Databases Querying Relational Databases Joining Table Data with SQL Review and Practice

SQL self join

I have perhaps more of a career advice question: I have a graduate school colleague working at Sony PlayStation, who advised me that the proper use of self join querying is valuable in his work.

Is there a video, or another good resource, that covers self joins?

When I attempted learning the self join, last year on w3schools, I found it was quite difficult, and so I would love a great resource.

Thank you very much!

2 Answers

Brendan Whiting
MOD
Brendan Whiting
Front End Web Development Treehouse Moderator 84,129 Points

In case this is helpful, let me try and explain what's going on in the W3Schools example:

SELECT A.CustomerName AS CustomerName1, B.CustomerName AS CustomerName2, A.City
FROM Customers A, Customers B
WHERE A.CustomerID <> B.CustomerID
AND A.City = B.City 
ORDER BY A.City;

So, the question they're trying to answer is "What customers live in the same city as each other?". They have a Customers table that has a CustomerName and a City column. So all the information they need is in this one table, they don't need any other tables. In order to do. this, they need to alias the table as two different aliases - FROM Customers A, Customers B - otherwise there's no way for us to put the same table on both the left and the right side of this comparison.

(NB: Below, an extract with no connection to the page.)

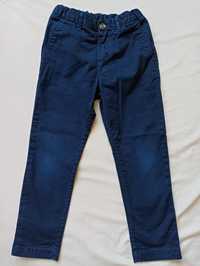 Granatowe eleganckie materiałowe galowe spodnie chłopięce h&m, na 104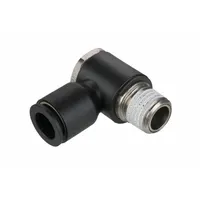 BSPT male thread to push-to-connect adapter for connecting 1/8" threaded ports to 8 mm OD tubing. Body is black nylon with nickel-plated brass insert. Used in pneumatic systems for air lines, actuators, and valves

What this is going to output is a list of all possible pairs of customers who live in the same city as each other. So if Seth, Mark, and Brendan all lived in the same city, the possible combinations that it would generate would be:

Seth Mark
Seth Brendan
Mark Seth
Mark Brendan
Brendan Seth
Brendan Mark

Some of these are redundant. Flip them around and it's the same pair. But solving that problem is maybe for later...

Notice that in this part of the query WHERE A.CustomerID <> B.CustomerID it's basically using <> to mean "not equals". So I don't want to pair the customer with themselves, I want to pair them with someone else in the same city.

So Brendan, the number of rows is looking like a permutation calculation. This means if a city had ten rows of people, there would be 90 different pairs (45 unique ones). Interesting.

Brendan Whiting
Brendan Whiting
Front End Web Development Treehouse Moderator 84,129 Points

In this case, yes, but I think there are other use cases for self joins that are not permutations. Can't think of any off the top of my head though.

seth aruby
seth aruby
7,621 Points

Here's something that may help https://stackoverflow.com/questions/3362038/what-is-self-join-and-when-would-you-use-it

To me this example is odd in that maybe you wouldn't structure the database this way. It seems that it would be more appropriate to have an employee table with employee subtype tables such as a supervisor table, officer level table and then a self join would not be necessary. So perhaps your db design should be such that Self Joins shouldn't be necessary?? Perhaps that is why Treehouse doesn't address Self Joins?? But I'm very new to database design concepts and best practices so take with many large grains of salt.

Thanks Seth, I appreciate you putting that thought forward. That's a very good hypothesis indeed. Yes, I'd love to hear any other database people chime in.